[PROMPT]
Copy the data exactly, pictures aside.

[PROVIDED MATERIAL]
#####

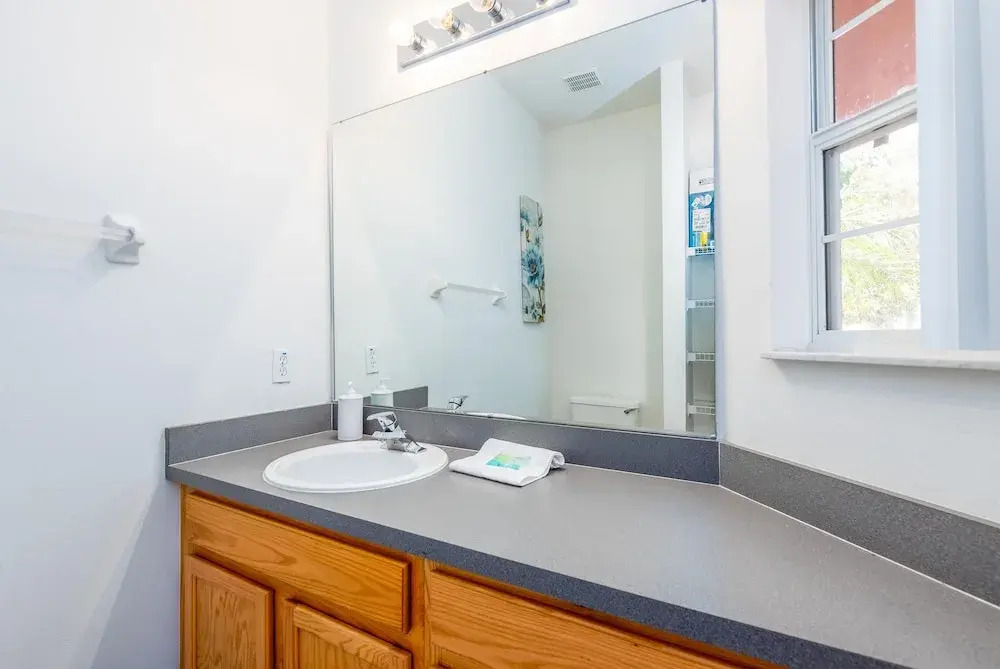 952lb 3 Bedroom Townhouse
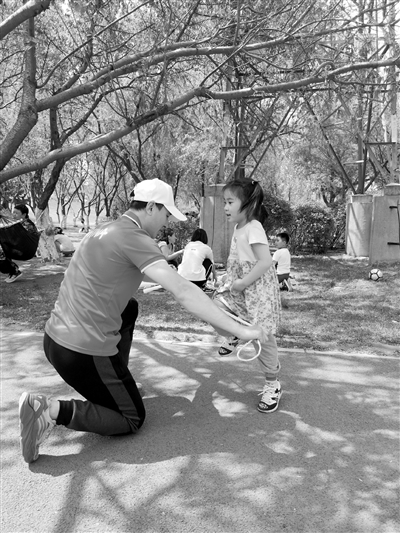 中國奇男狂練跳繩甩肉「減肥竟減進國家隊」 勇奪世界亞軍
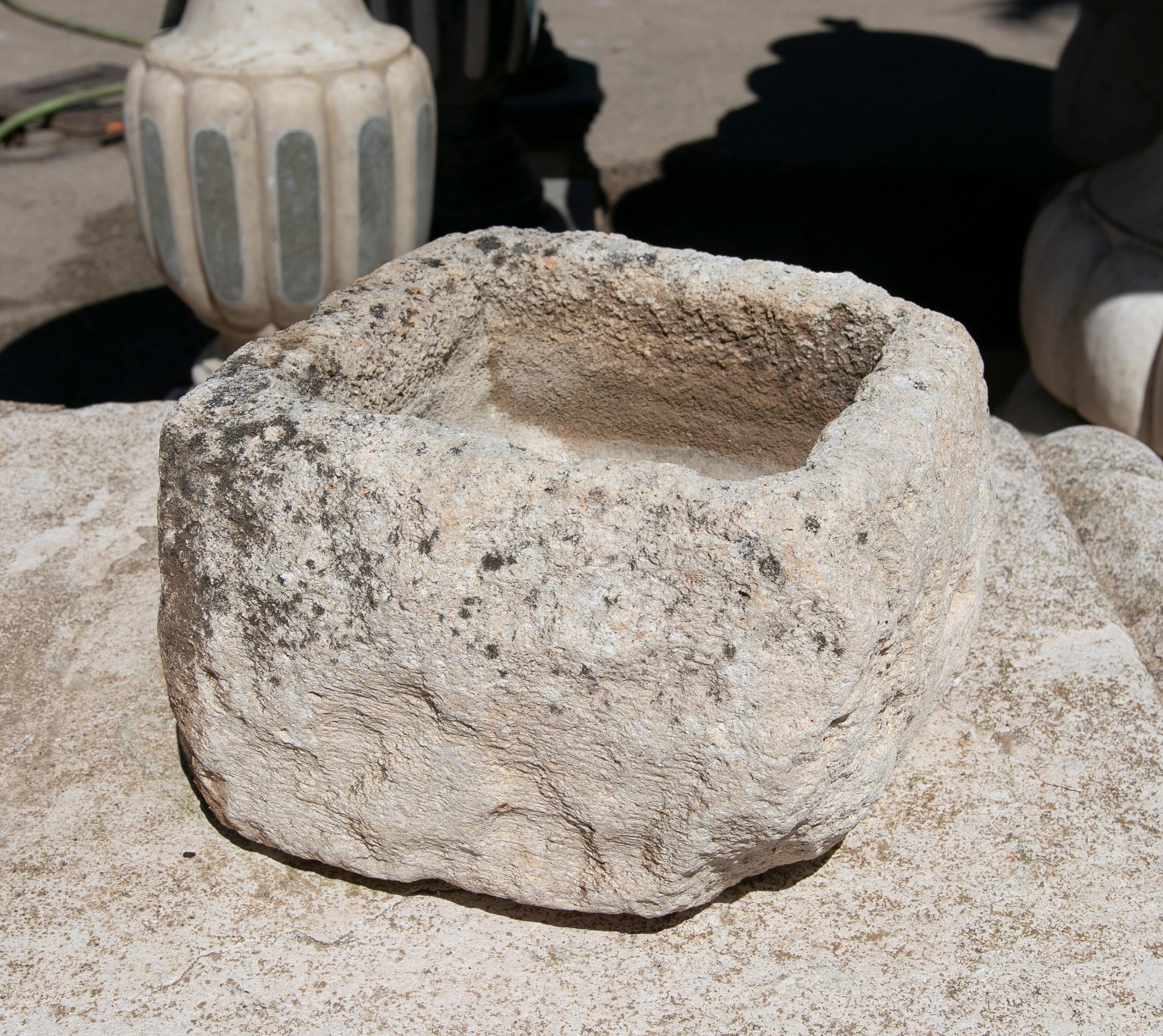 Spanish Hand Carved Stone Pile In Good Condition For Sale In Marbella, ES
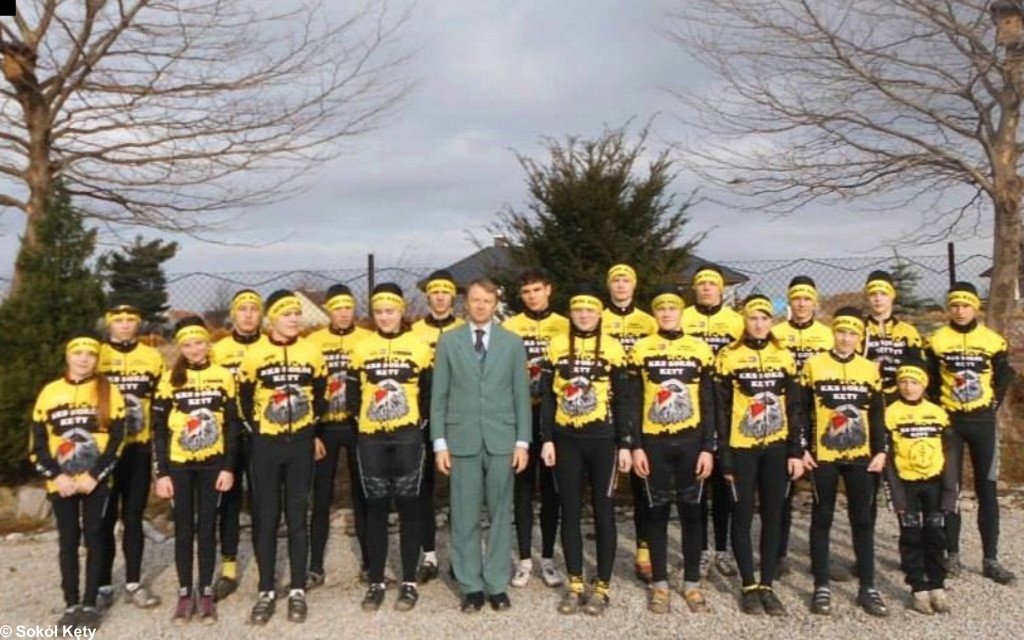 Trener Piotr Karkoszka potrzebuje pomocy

#####

[RESULT OF THE EXERCISE]
 952lb 3 Bedroom Townhouse
 中國奇男狂練跳繩甩肉「減肥竟減進國家隊」 勇奪世界亞軍
 Spanish Hand Carved Stone Pile In Good Condition For Sale In Marbella, ES
 Trener Piotr Karkoszka potrzebuje pomocy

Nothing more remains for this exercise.